A similar version of this article appeared in the April 15, 2007 issue of EE Times magazine.

Most modern operational amplifiers operate over a 5V (or ±2.5V) or lower voltage range. For applications requiring a larger voltage swing, such as industrial circuits, suitable high-voltage operational amplifiers can be expensive and may not be readily available. The circuit of Figure 1 can extend that range. It operates as a voltage follower, keeping the very high input impedance of a CMOS op amp, and excellent linearity and stability over a much wider voltage range.

The circuit uses its own output to bootstrap a high-input-voltage-range (up to 76V), low dropout voltage regulator (LDO) whose output is connected to the supply lines of the low voltage input op amp. The circuit exhibits the high impedance, very low bias current input of a CMOS amplifier (< 1pA input current).
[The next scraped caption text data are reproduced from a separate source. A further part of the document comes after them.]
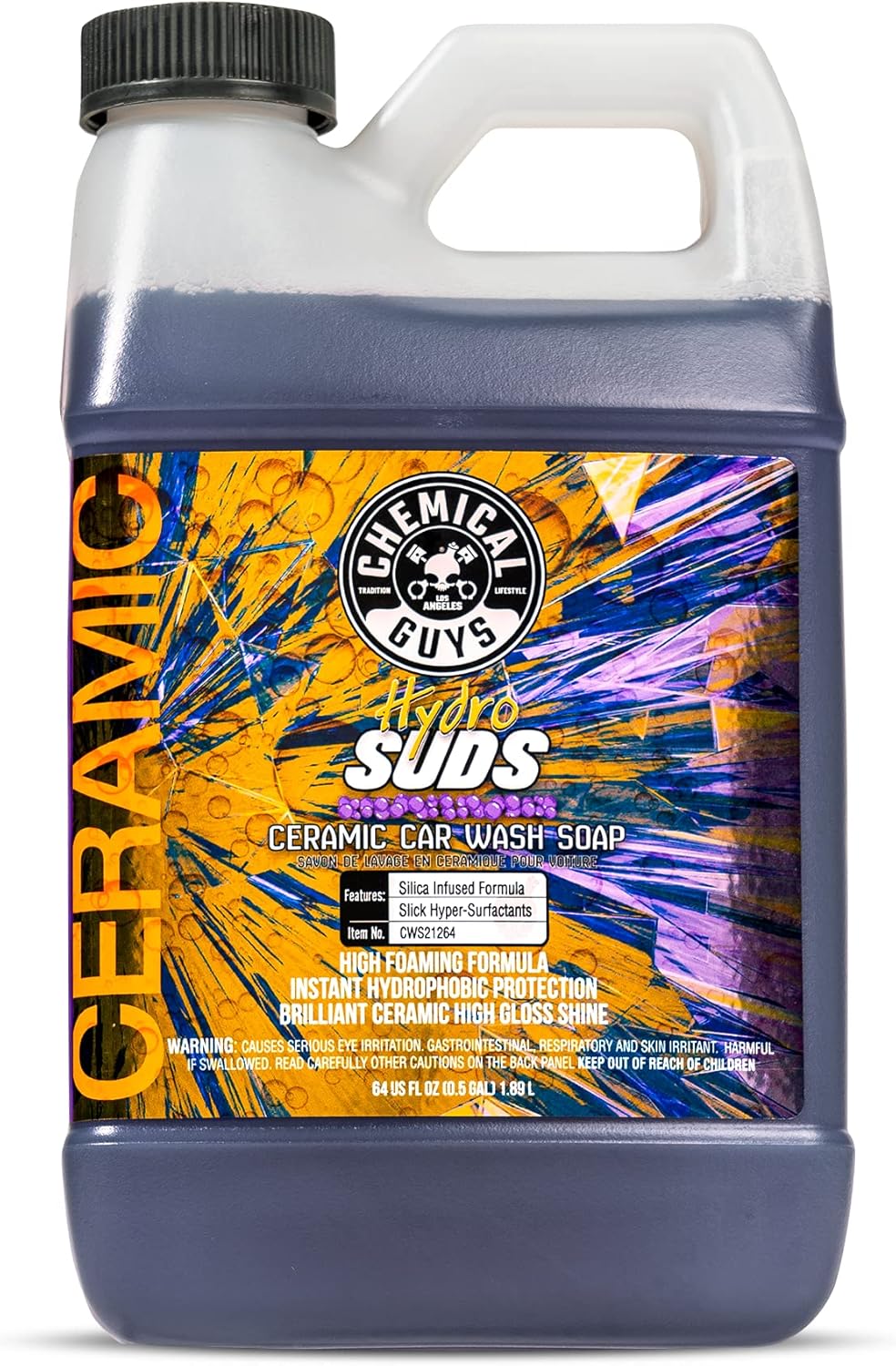 Chemical Guys HydroSuds Ceramic SiO2 Shine Car Wash Soap Review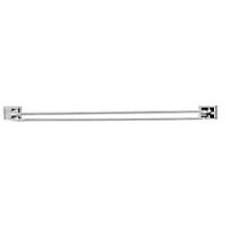 Bar Towel Twin 24&quot; Chrom.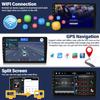 4G+64G Android 13 Car Stereo for Dodge Grand Caravan 2011-2020 / for Chrysler Town Country 2012-2016 CarPlay Android Auto 9" HD Touchscreen GPS Navigation Bluetooth 32EQ FM/RDS WiFi +Backup Camera view 4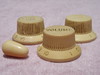 1962 Fender Stratocaster knobs & switchtip : 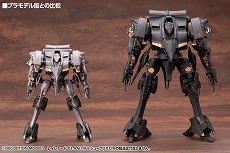 画像ギャラリー No.011のサムネイル画像 / 「アーマード・コア4」より，シュープリスのアクションフィギュアが登場。全高280mmの合金仕様で，多数のギミックを搭載。価格は5万2800円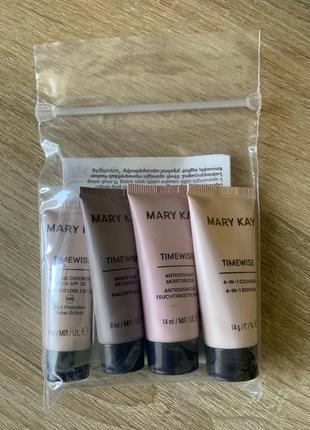 Міні набір мері кей time wise для сухоі і нормальноі шкіри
Linearity is better than 1ppm over a ±20V voltage range, when supplied by ±24V (V+, V-), and the input offset magnitude and thermal drift is the same as the amplifier used at the input. The graph in Figure 2 shows the output of the voltage follower with a 400Hz, 20V_P-P triangle wave applied at the input.

IC1 (MAX4162) is a micropower, precision op amp with a gain bandwidth product of 200kHz. IC2 (MAX6771) provides a regulated +3.3V supply voltage to IC1. The common node of IC2 is tracked to the input voltage by the feedback loop comprised of IC1 and transistor Q1. D1, a 4.5mA constant-current diode, provides quiescent biasing current for Q1, and sinks current from the load when V_IN is below circuit common potential. The RC network R1 and C3 provide shunt compensation to stabilize the circuit for a given bias current through Q1.

Output voltage swing is limited by the headroom requirements of the LDO and the constant current biasing diode, D1. The MAX6771 input voltage range of 76V and the maximum voltage rating of Q1 limit the allowable output voltage range of the circuit.